TASK INSTRUCTIONS:
An exact copy is all that is wanted: the lines from the one with "Cactus-With-Red-Flowers Men'S Graphic" through the end of the listing below, both included, minus any pictures.

RAW DATA:
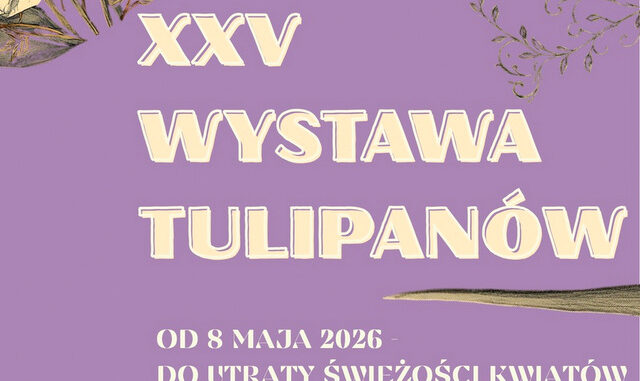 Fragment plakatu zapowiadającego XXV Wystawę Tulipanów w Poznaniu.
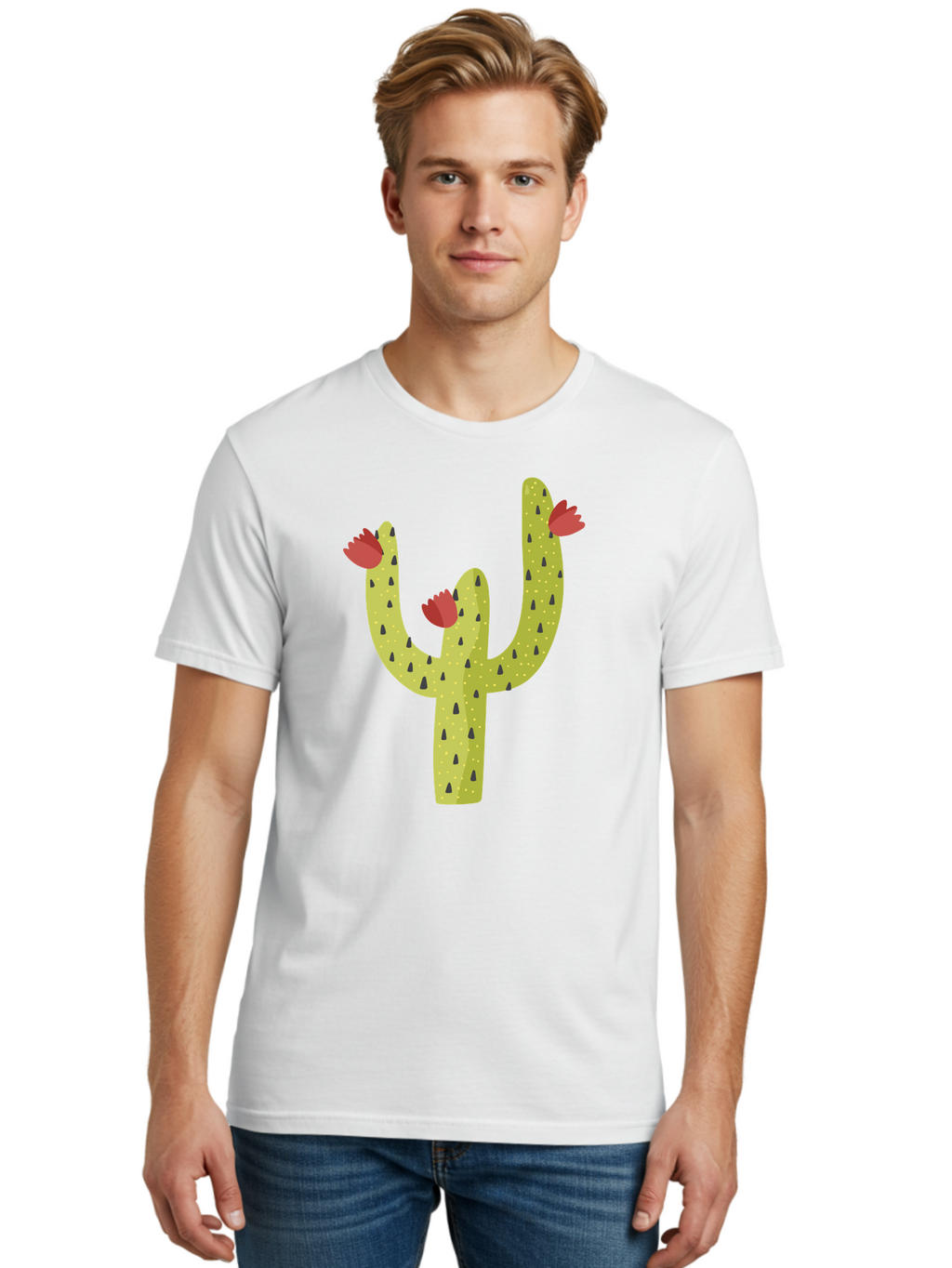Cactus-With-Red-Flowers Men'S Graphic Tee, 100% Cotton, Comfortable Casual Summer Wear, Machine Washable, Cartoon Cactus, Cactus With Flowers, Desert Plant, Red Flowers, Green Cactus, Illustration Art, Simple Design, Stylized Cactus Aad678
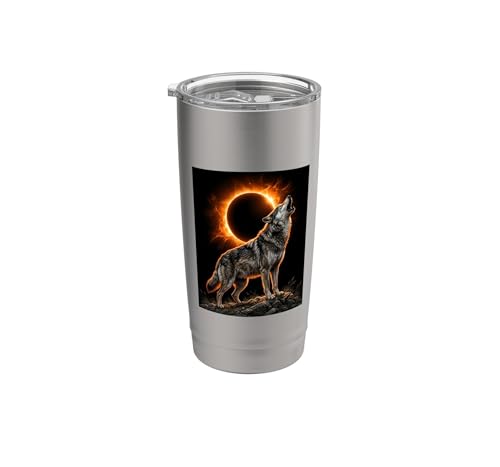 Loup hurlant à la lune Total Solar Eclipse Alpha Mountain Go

ANSWER TO THIS PROBLEM:
Cactus-With-Red-Flowers Men'S Graphic Tee, 100% Cotton, Comfortable Casual Summer Wear, Machine Washable, Cartoon Cactus, Cactus With Flowers, Desert Plant, Red Flowers, Green Cactus, Illustration Art, Simple Design, Stylized Cactus Aad678
 Loup hurlant à la lune Total Solar Eclipse Alpha Mountain Go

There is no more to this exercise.